The emotion and the miracle of ‘Alcarràs’, by Desirée de Fez


That in 2022 the first thing that is said about a film, before thinking about it, is that it is deeply moving and that it is a miracle makes it very clear that we are facing something important. Today the premiere of ‘Alcarràs’, the film by Carla Simón. In case anyone is clueless, it is the second feature film by the director of ‘Verano 1993’ (2017), it won the golden bear at the Berlin festival and shows the daily life of a family of farmers from Alcarràs, a town in Lleida, who, after eighty years cultivating the same land, have to face their last harvest and a inevitable and imminent change of life. It reaches 169 theaters today and there are magnificent analyzes of it by critics who have seen it at press screenings, at the Berlin festival, at the Malaga festival or, last night, at the D’A Film Festival Barcelona ( yesterday opened its 12th edition with the film by Carla Simón as the opening).

However, it is very striking that both the public that has been able to see it at those festivals and the professionals who have spoken and written about it put in the foreground theor much that has moved them.

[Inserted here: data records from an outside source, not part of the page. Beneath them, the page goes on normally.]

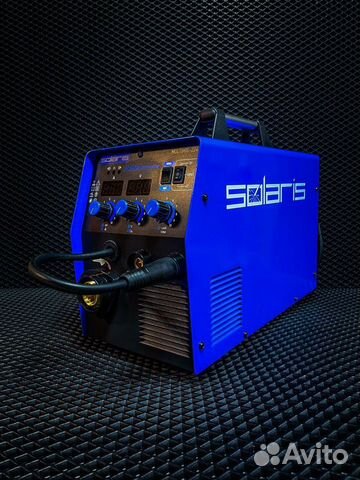 Полуавтомат сварочный Solaris multimig-224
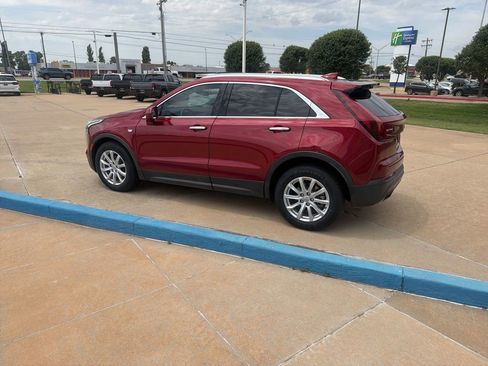 Used 2019 Cadillac XT4 Luxury FWD image 13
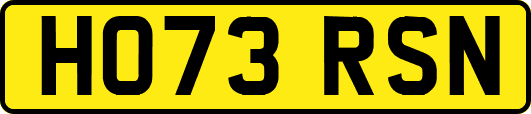 HO73RSN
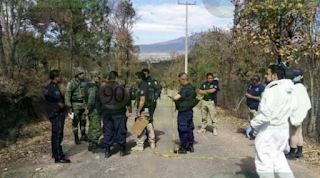 Hallan a dos sujetos ejecutados en Morelia Michoacan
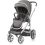 BabyStyle Oyster 3 Gun Metal Chassis Stroller-Spearmint (New)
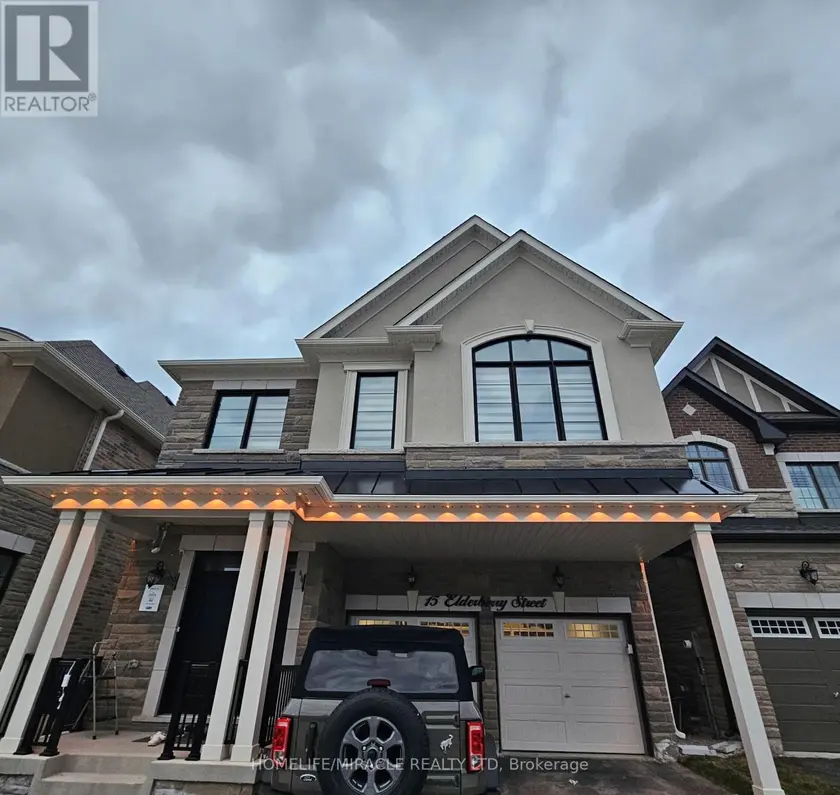 Detached at LOWER - 15 ELDERBERRY STREET, Caledon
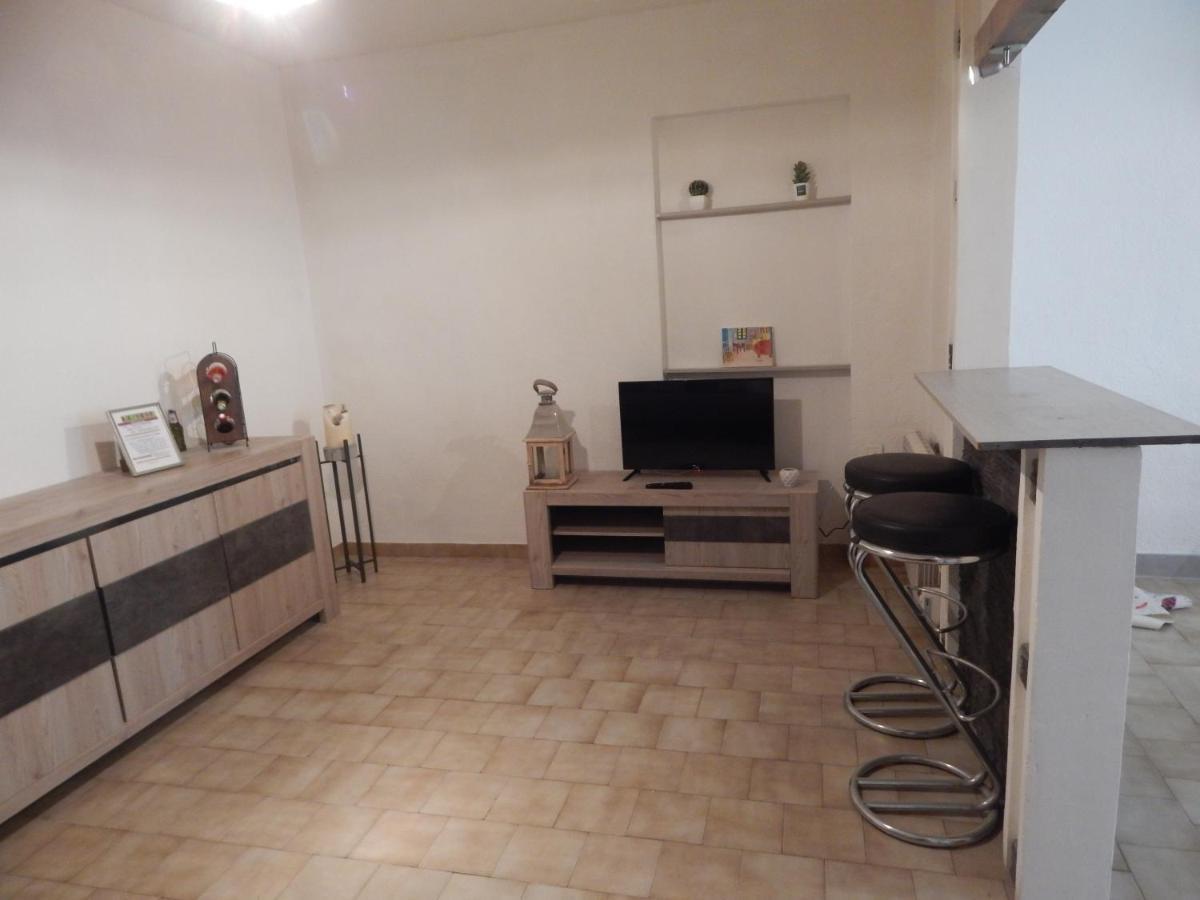 Ferienwohnung 25 F Mistral 1 er G Coursan Exterior foto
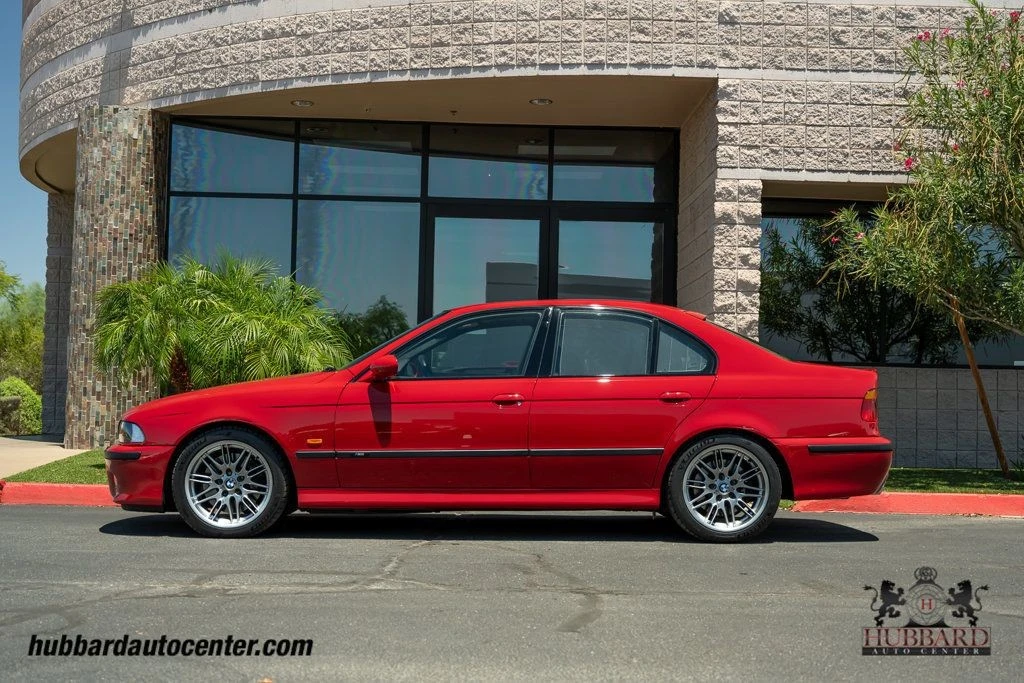 2003 BMW E39 M5 - Image 5 of 12
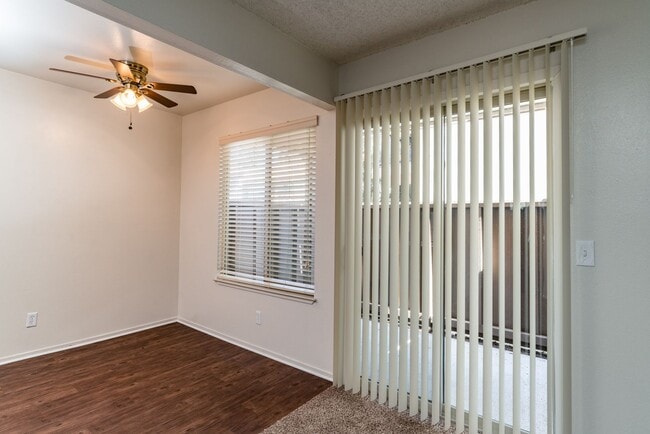 Cedar Springs Apartments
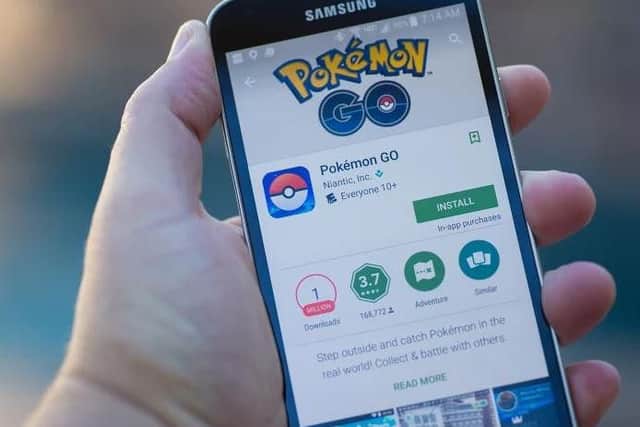 Pokmon Go-ing, going gone?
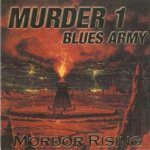 Murder 1 Blues Army - Mordor Rising cover art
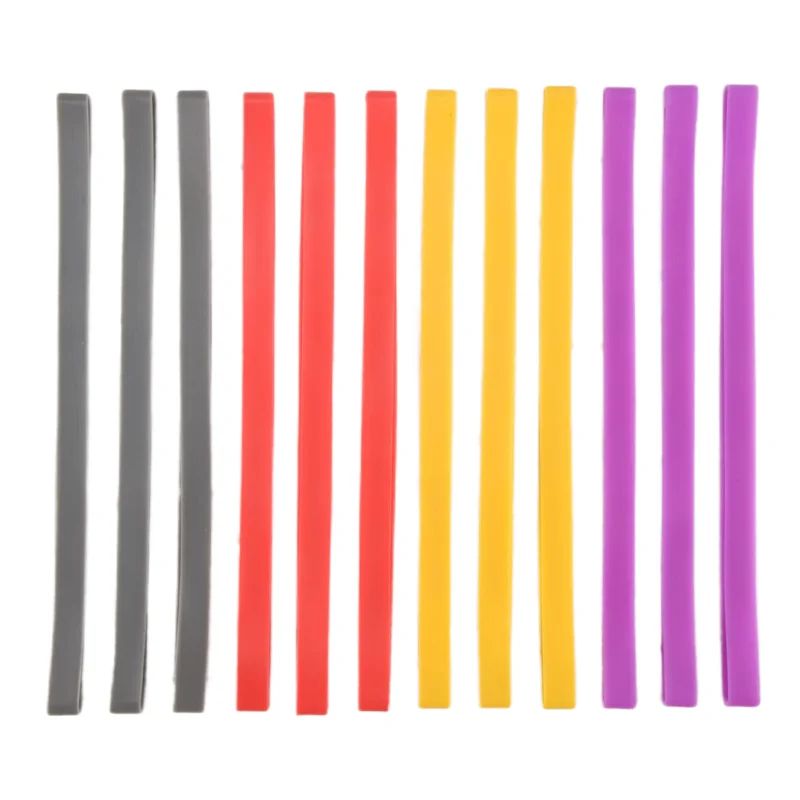 ABDJ-12 قطعة من أربطة مناشف الشاطئ، حامل مناشف الشاطئ المرنة، مشابك الكرسي، أربطة المناشف متعددة الألوان لكراسي الشاطئ عطلة السباحة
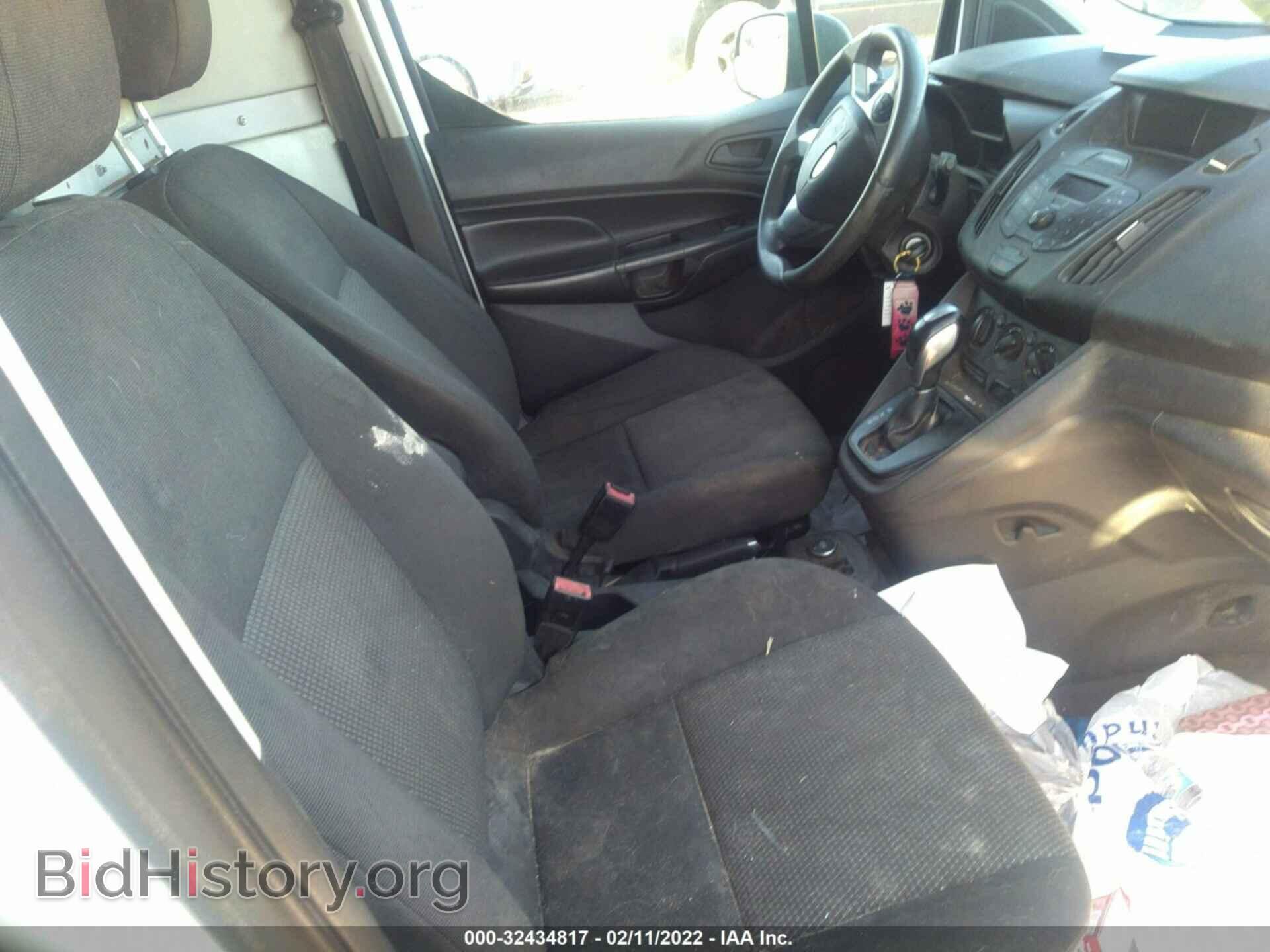 2014 FORD TRANSIT CONNECT - VIN: NM0LS7E71E1153362 - Фото 5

Perhaps at another time, the need to focus on how profoundly moving ‘Alcarràs’ is would not have been so significant, so much so that no one feels shame or fear of exaggeration when attributing that miraculous status to it. But today the impulse to share, first of all, the emotions caused by a film is tremendously exotic. The bewilderment of the sweeping changes in the way of making and consuming films (and perhaps a certain revival of cynicism) have meant that, most of the time, rather than reaching their hearts and souls, we observe and analyze them from a rare distance. We look like entomologists instead of spectators, and it is something evident among professionals but also common among the public who share their opinions on networks. I don’t know when we began to see films as products and not as artistic works. Because some, even many, are products, of course, but not all. We talk about films in relation to how they are released, to whether theaters and/or platforms treat them well or badly, to whether they are successful or unsuccessful, to the position of their directors regarding the collective response to their work. We dissect them, until they are dry, in search of their themes, how they dialogue with the present (as if that were mandatory) and acting as judges on the timeliness of their approaches. Many times, we limit ourselves to composing a map of references, as if that mattered to anyone or the movies and those who make them deserve to be exposed. And we ventilate them quickly, we don’t allow them to leave a mark. And then ‘Alcarràs’ arrives and deactivates all that, and the first thing that comes out, even at the risk of sounding unprofessional, is to share how much it has moved us. And we are not too embarrassed to say that it is a miracle, that it’s an important movie, which moves us deeply. And that happens because it really is. It had been a long, long time since a film prevailed over the inertia of the times and returned to us with that intensity the possibility of genuine and shared emotion in a movie theater. And that’s where the miracle is.